(What the task asks):
Starting at the first line of the material below and stopping after the line that includes "Nilfisk Hochdruckreiniger Core", write the lines out again exactly. Drop any pictures.

####

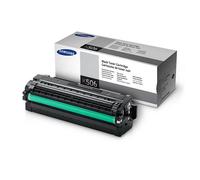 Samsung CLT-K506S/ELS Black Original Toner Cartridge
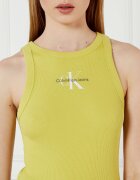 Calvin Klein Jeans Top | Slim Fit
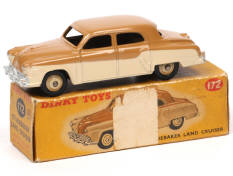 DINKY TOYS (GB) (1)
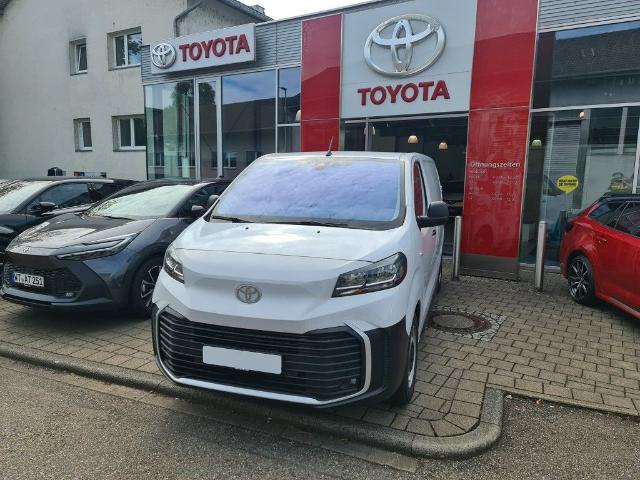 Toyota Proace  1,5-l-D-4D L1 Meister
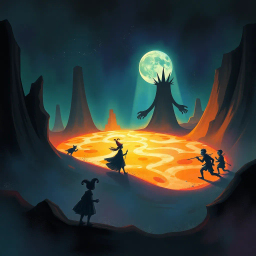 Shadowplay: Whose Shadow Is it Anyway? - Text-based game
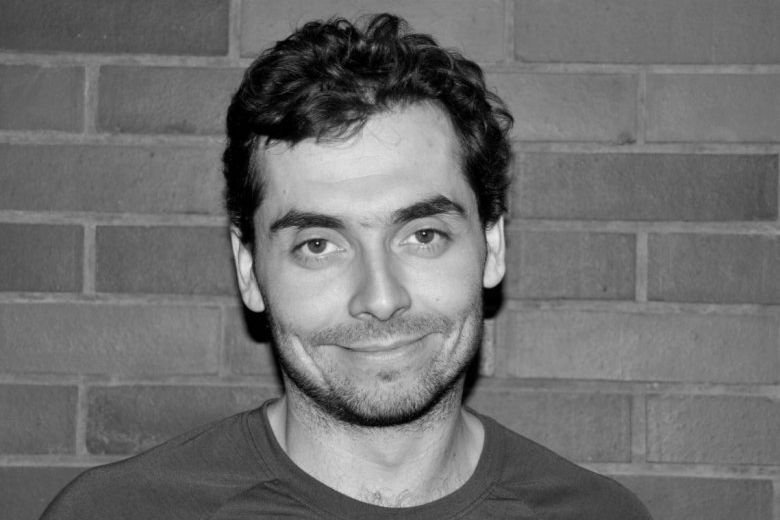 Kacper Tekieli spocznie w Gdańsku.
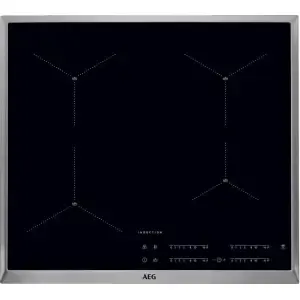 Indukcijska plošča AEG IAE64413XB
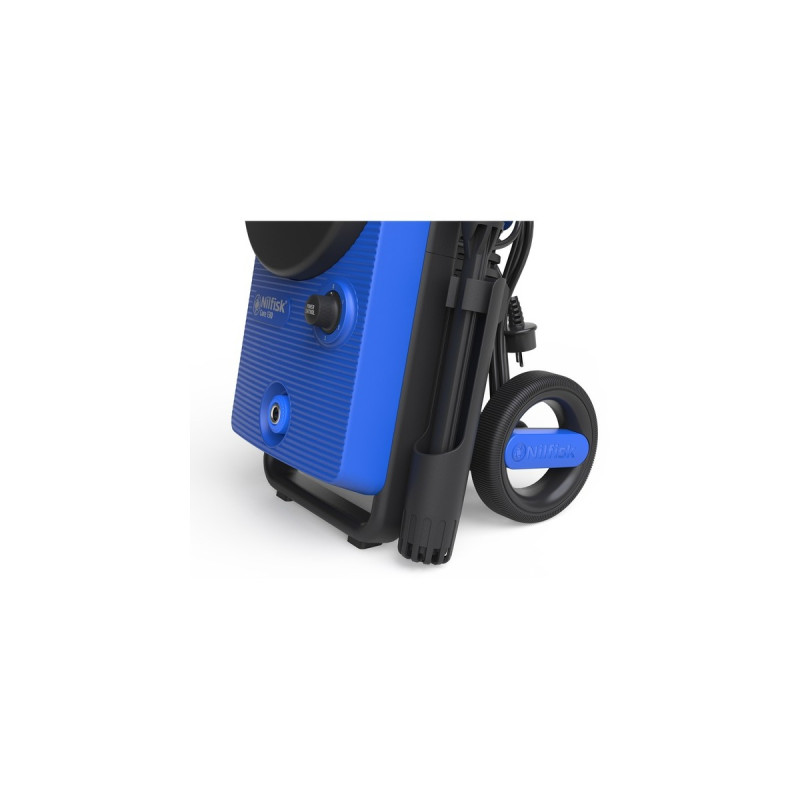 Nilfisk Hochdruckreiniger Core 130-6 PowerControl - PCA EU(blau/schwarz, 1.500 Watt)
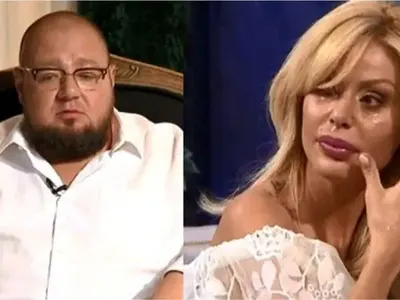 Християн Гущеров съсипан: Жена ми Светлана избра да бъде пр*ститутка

####

(Answer box):
 Samsung CLT-K506S/ELS Black Original Toner Cartridge
 Calvin Klein Jeans Top | Slim Fit
 DINKY TOYS (GB) (1)
 Toyota Proace  1,5-l-D-4D L1 Meister
 Shadowplay: Whose Shadow Is it Anyway? - Text-based game
 Kacper Tekieli spocznie w Gdańsku.
 Indukcijska plošča AEG IAE64413XB
 Nilfisk Hochdruckreiniger Core 130-6 PowerControl - PCA EU(blau/schwarz, 1.500 Watt)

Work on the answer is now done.